Exact copy required. Repeat the records, but keep the pictures out.

* * *

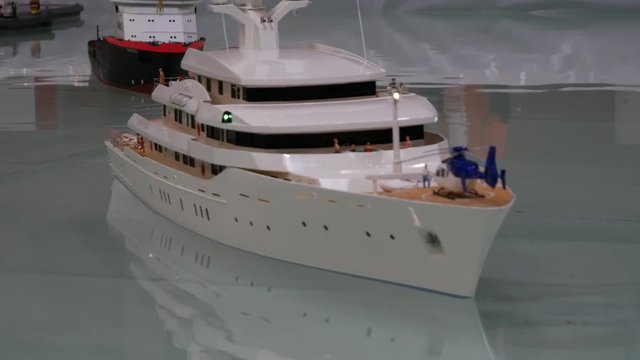 The luxury motor yacht and icebreaker ship. Miniature vessel model. MODEL HOBBY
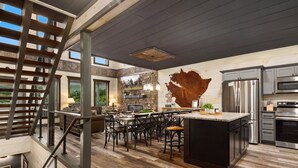 A modern kitchen with a large island, stainless steel appliances, and a rustic wall art piece. - Million $ View|Pool Table|Indr Pool|Games (Sevierville)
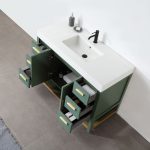 The Winchester 48 Forest Green Freestanding Bathroom Vanity includes a white countertop with an integrated sink. The green cabinet features open drawers for towels and various items. A soap dispenser and dish sit by the black faucet, complementing the vanity above gray tiled floors.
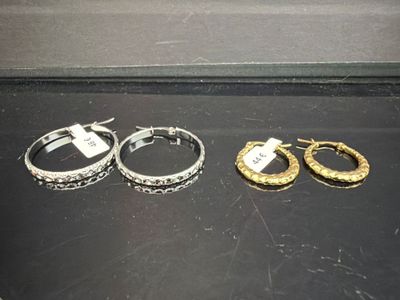 trois paires de boucles d'oreilles en anneau dorées et argentées sur un fond noir
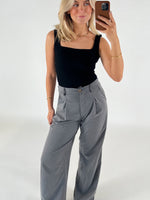 Kvinde tager selfie, iført sort top og grå bukser, står foran en hvid baggrund. Hun har blondt hår og bærer guldsmykker.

* * *

=== Finished exercise ===
 The luxury motor yacht and icebreaker ship. Miniature vessel model. MODEL HOBBY
 A modern kitchen with a large island, stainless steel appliances, and a rustic wall art piece. - Million $ View|Pool Table|Indr Pool|Games (Sevierville)
 The Winchester 48 Forest Green Freestanding Bathroom Vanity includes a white countertop with an integrated sink. The green cabinet features open drawers for towels and various items. A soap dispenser and dish sit by the black faucet, complementing the vanity above gray tiled floors.
 trois paires de boucles d'oreilles en anneau dorées et argentées sur un fond noir
 Kvinde tager selfie, iført sort top og grå bukser, står foran en hvid baggrund. Hun har blondt hår og bærer guldsmykker.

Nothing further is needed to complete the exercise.